On March 15, 1985 Anderson was kidnapped. For endless weeks he was chained, blindfolded, and told not to move. "Each small movement brought a curse, a threat, a blow." Often the "vultures gathered around to poke and prod with talon, stick or gun," but Anderson knew that "no thief throws away his booty." He was never to look at his kidnappers: "you see, you dead." "Silly, I'd already seen. Typical militiamen - small, thin, scruffy beard, sharp Arab nose, black hair: completely inseparable from a thousand, ten thousand others."

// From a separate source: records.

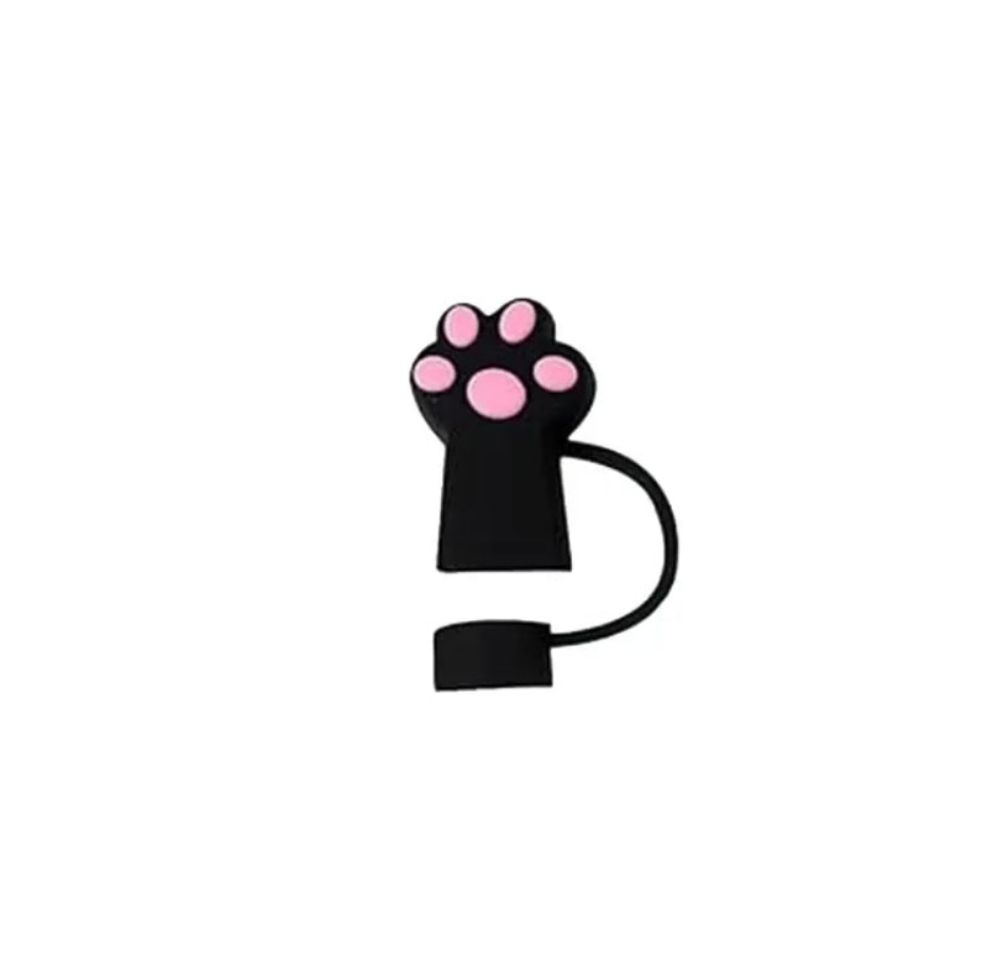 Cat paw straw toppers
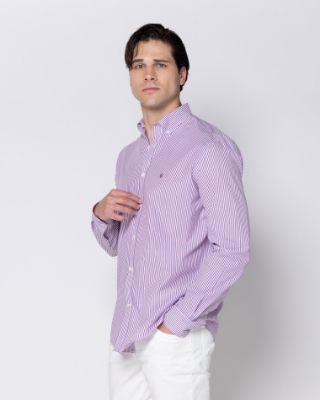 ΠΟΥΚΑΜΙΣΟ ΡΙΓΕ ΠΟΠΛΙΝΑ REGULAR FIT thumb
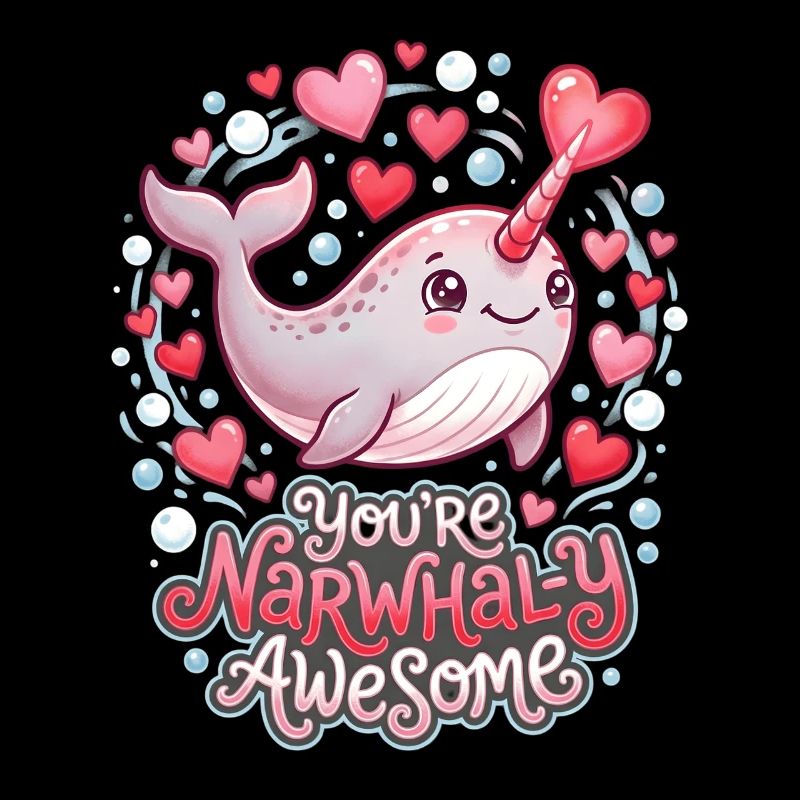 Tu es Narwhaly Génial, jeu de mots mignon sur Narwhal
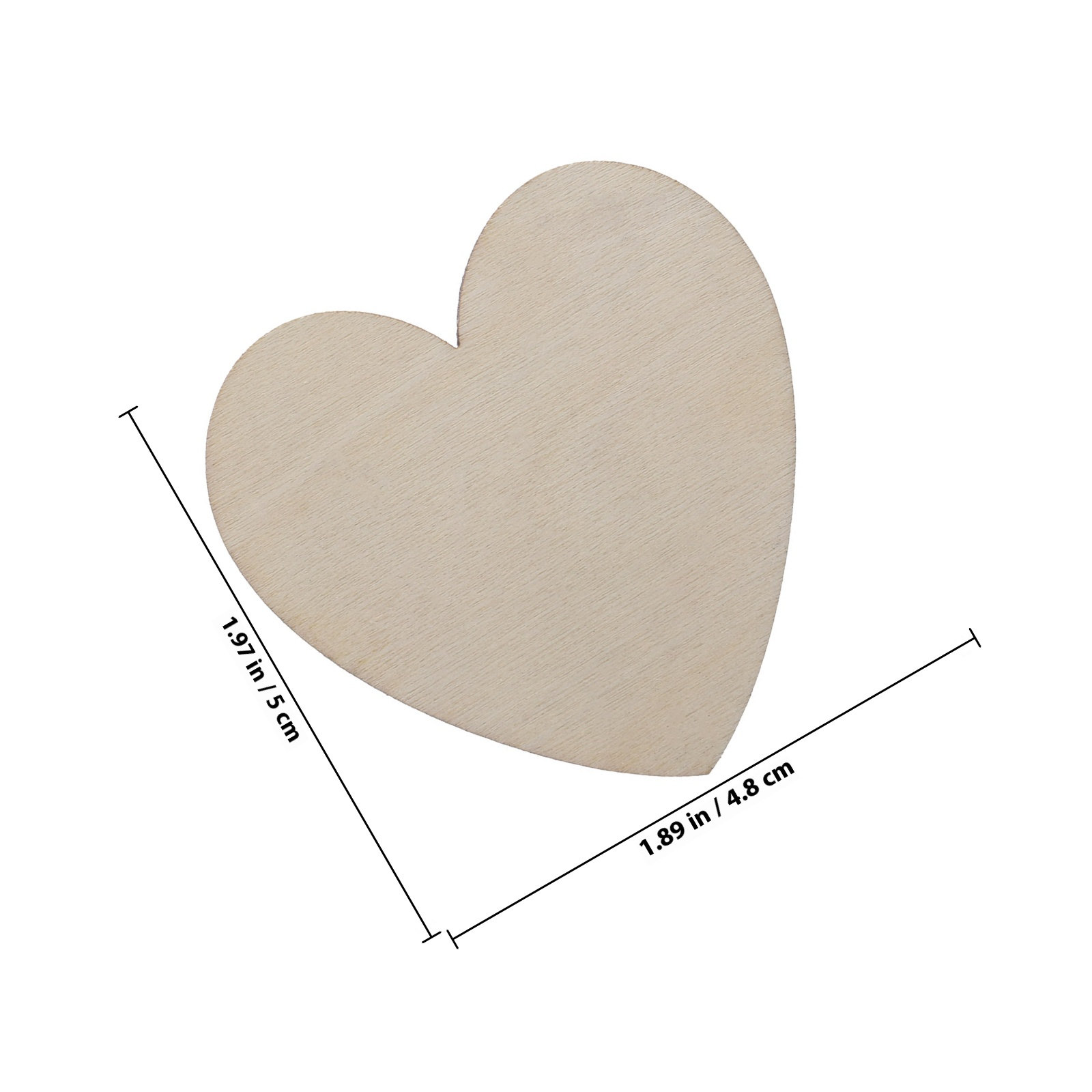 20Pcs Blank Wood Slices Heart  - Art Craft Classes 리뷰 및 가격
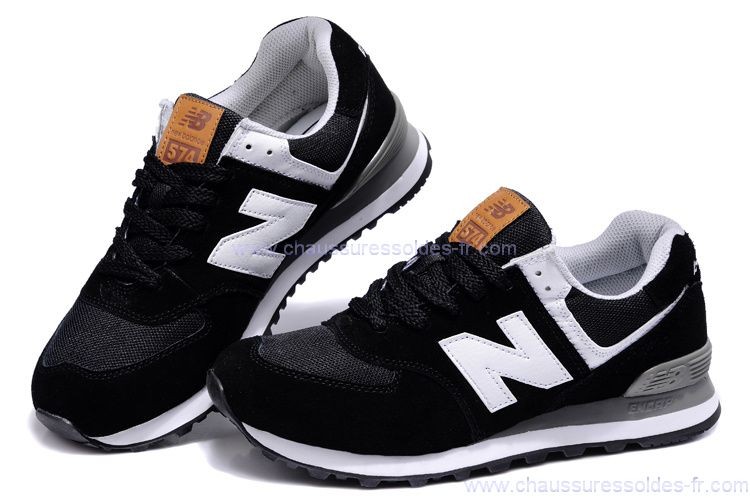 new balance 574 femme noir et or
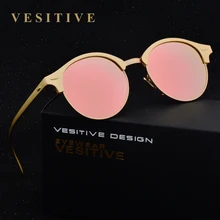 Brand Cat Eye polarized Sunglasses Women cateye Lady vintage retro Coating Mirror Aluminum Flat Lens Glasses lunette de soleil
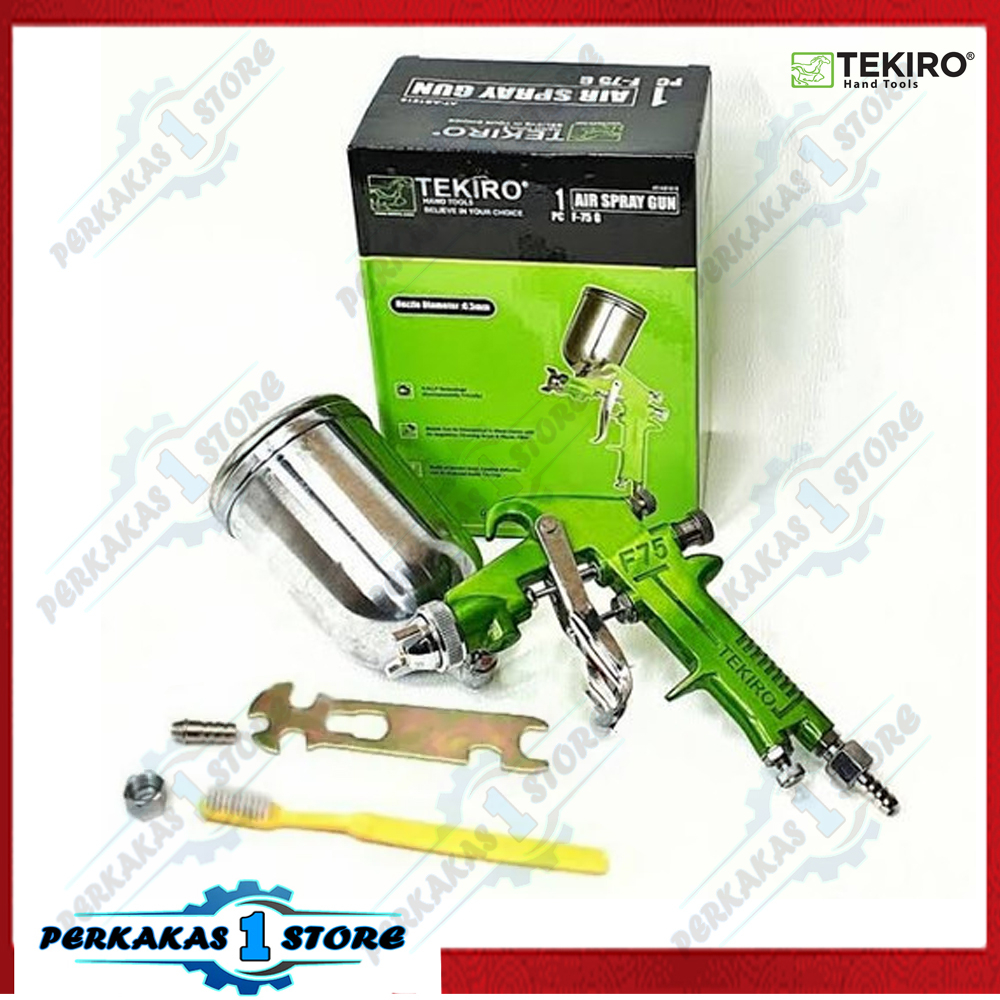 Jual TEKIRO Spray Gun Tabung Atas F-75G / F75 400mL SPOT | Shopee Indonesia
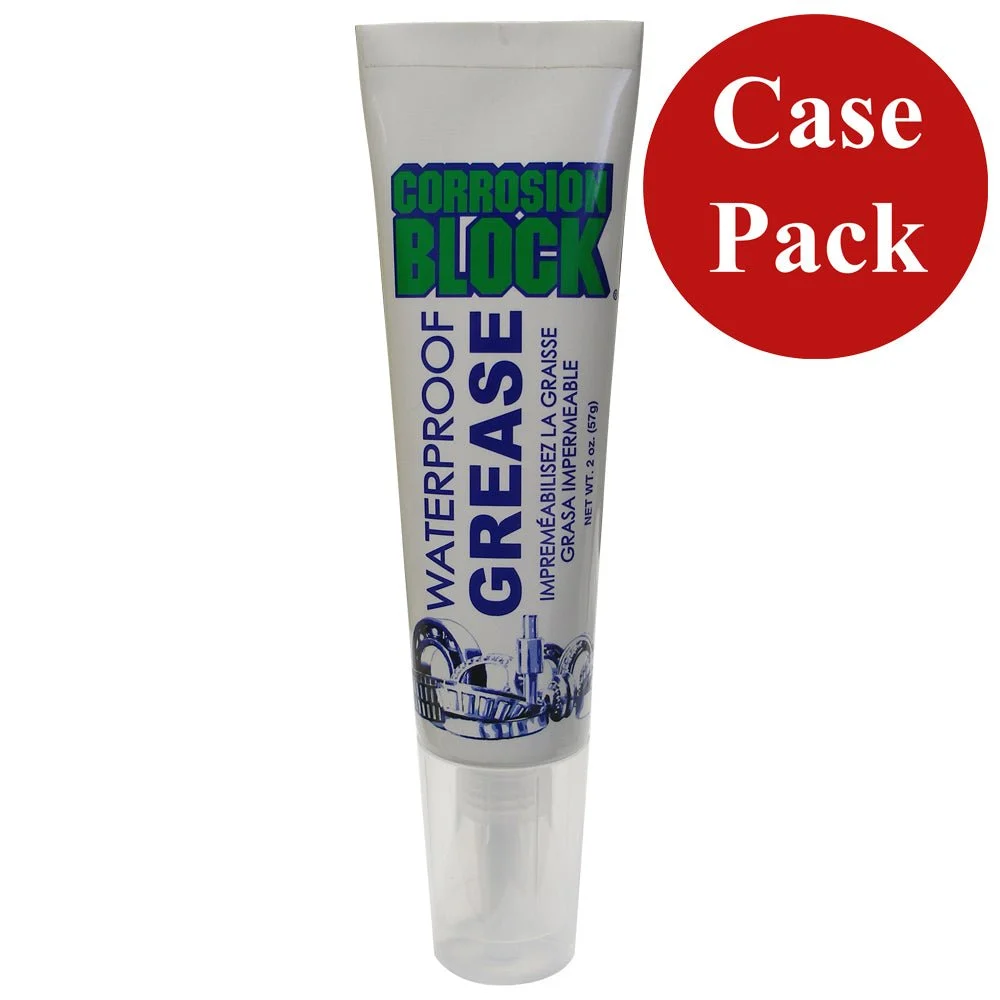 Corrosion Block High Performance Waterproof Grease - 2oz Tube - Non-Hazmat, Non-Flammable & Non-Toxic *Case of – Marine Boat Replacement Part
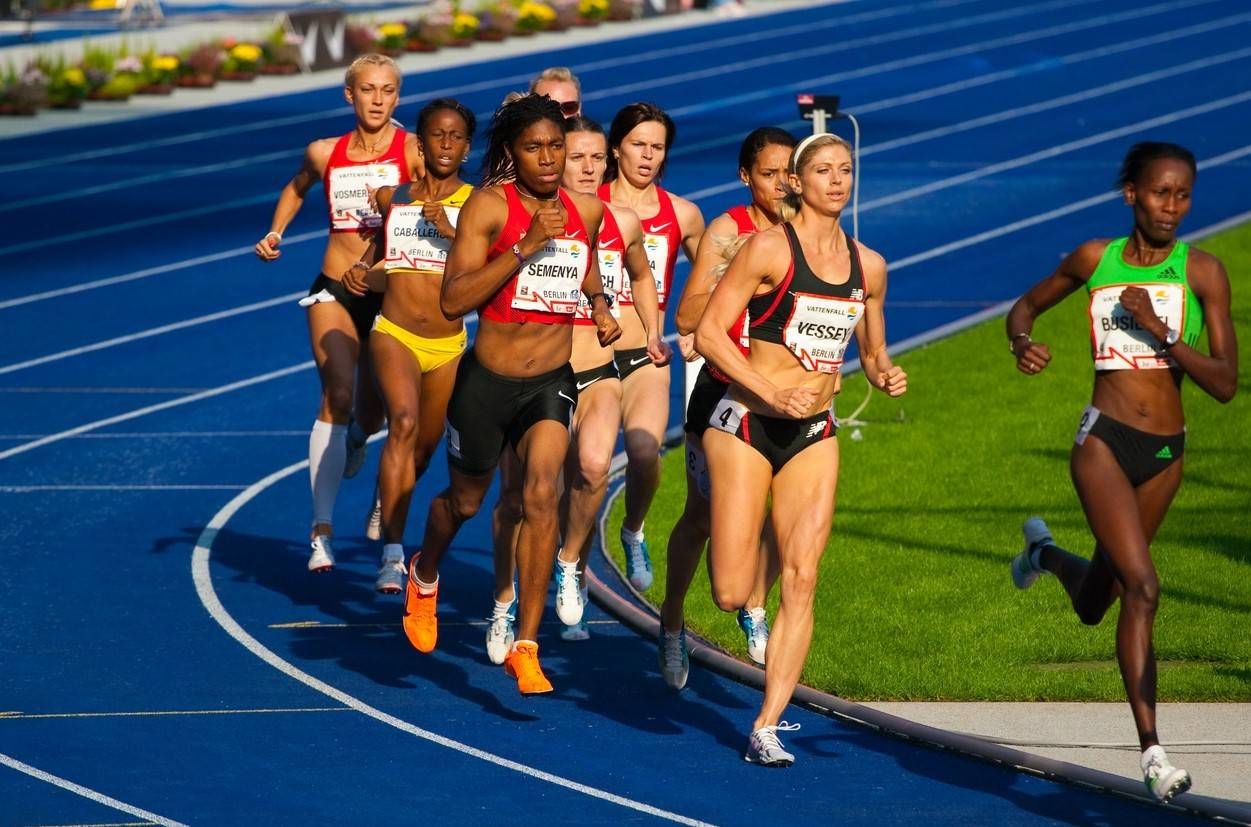 Competencia de atletismo femenino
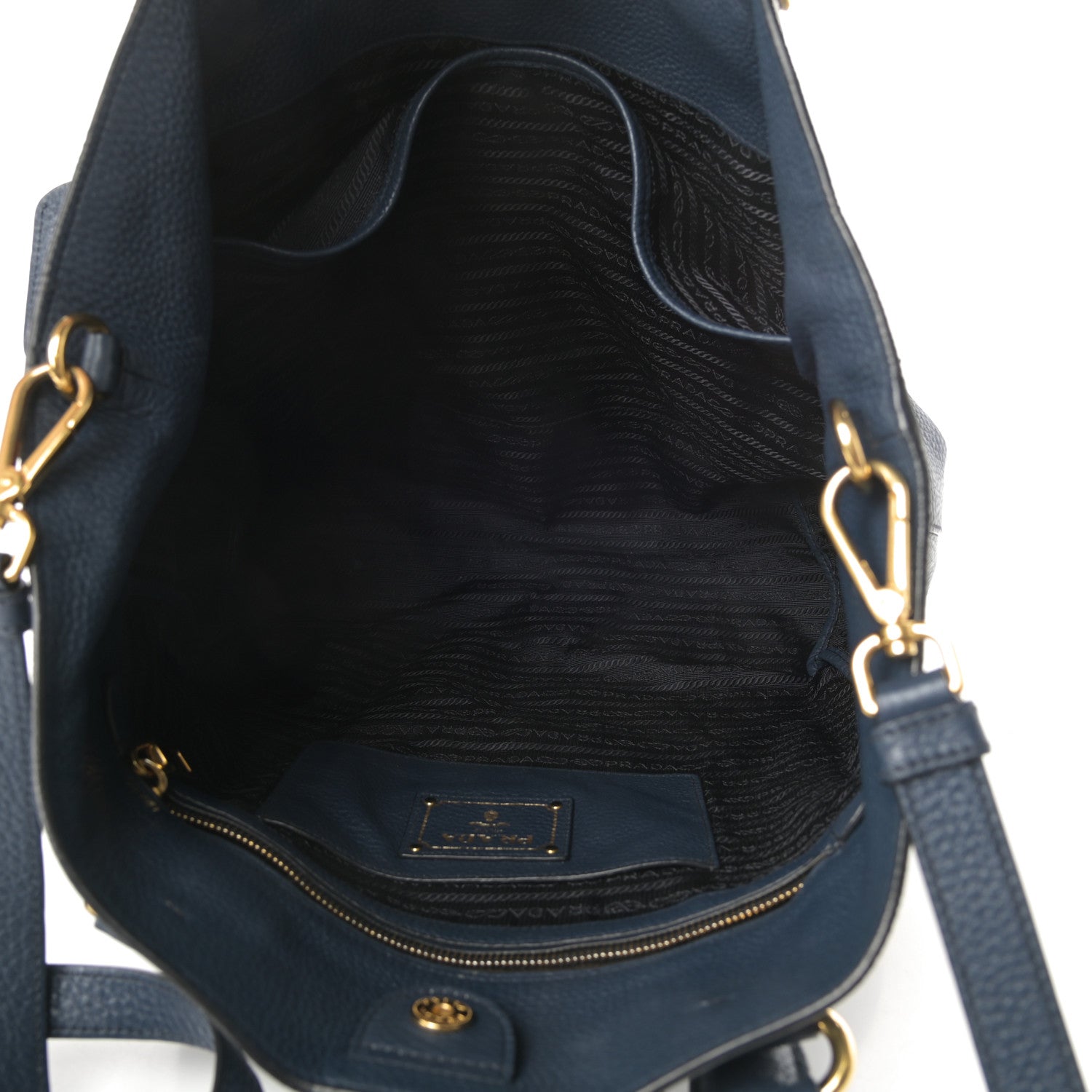 Prada Vitello Daino Shopping Tote Inchiostro 5 of 18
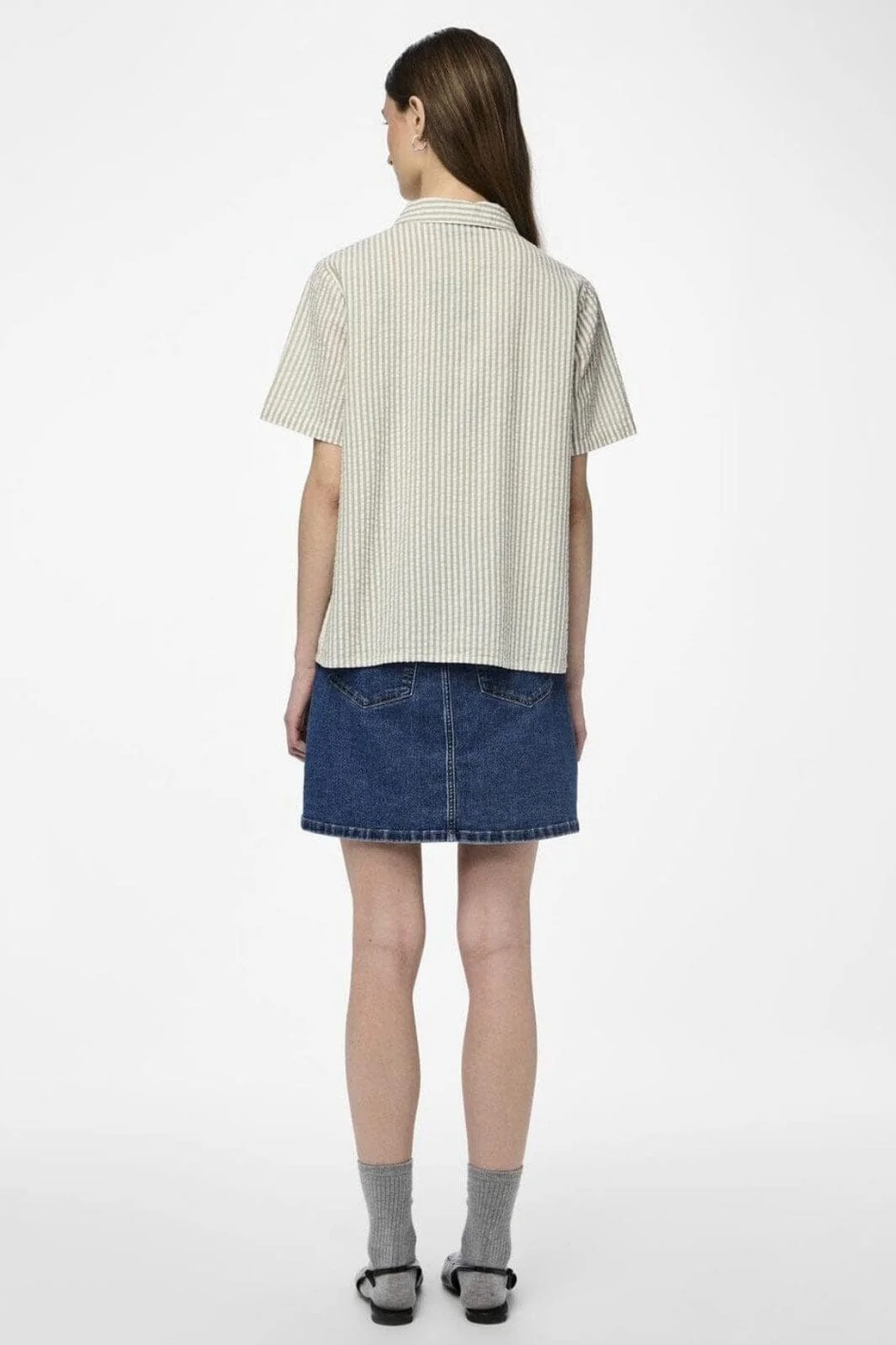 Pieces Pcsally Ss Shirt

The terrorists' plan was to swap Anderson for terrorists imprisoned in Kuwait. They dictated letters for Anderson to write, to get Washington to make the deal for the terrorists in Kuwait. Madeleine writes that she had always thought that the American government had the power to find out anything it wanted, and to do anything it wanted. "I learned quickly that we were dealing not only with Lebanese terrorists who were ignorant of the western world, but with Americans who were equally ignorant of Lebanon, and Terry and I and our families were suffering the consequences."